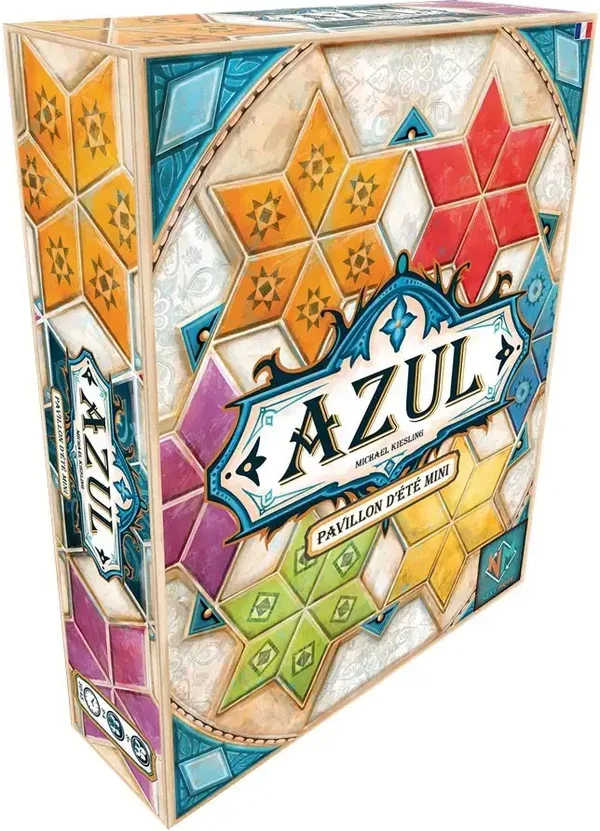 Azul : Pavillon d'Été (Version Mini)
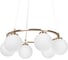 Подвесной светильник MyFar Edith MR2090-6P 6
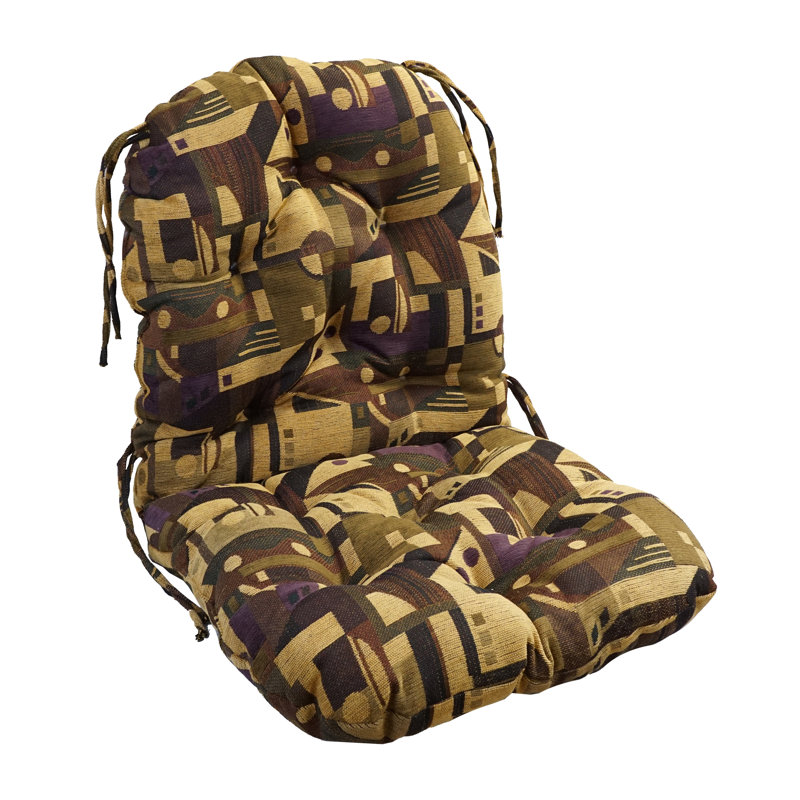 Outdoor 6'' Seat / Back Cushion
####################
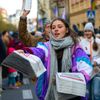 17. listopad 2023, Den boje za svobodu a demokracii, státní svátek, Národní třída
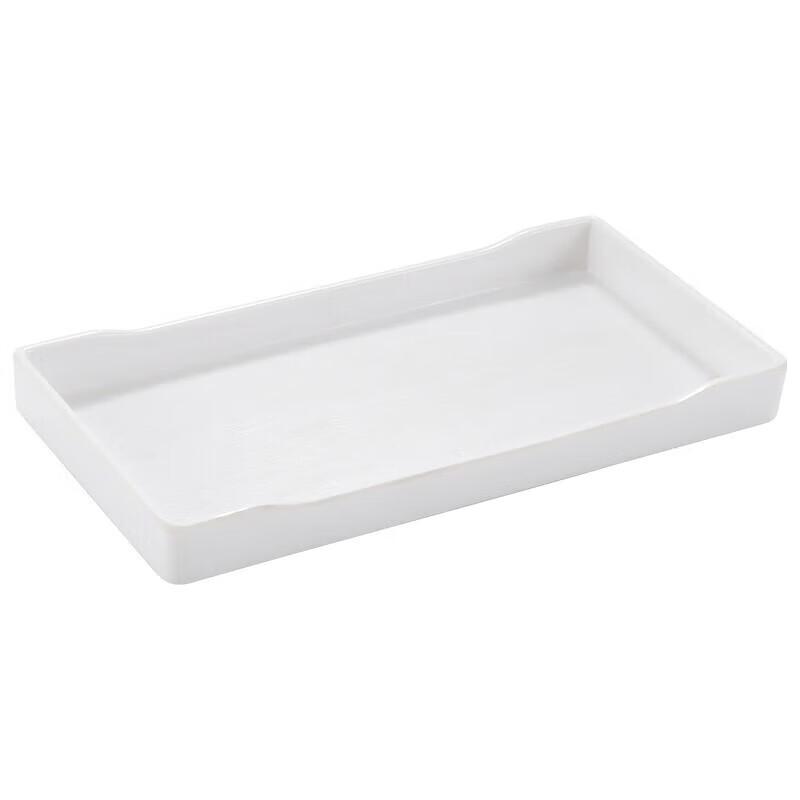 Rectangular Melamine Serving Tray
####################
Output exactly the lines above, from the line with "17. listopad 2023, Den" to the line with "Rectangular Melamine Serving Tray", both included; skip the pictures.

The completed task:
 17. listopad 2023, Den boje za svobodu a demokracii, státní svátek, Národní třída
 Rectangular Melamine Serving Tray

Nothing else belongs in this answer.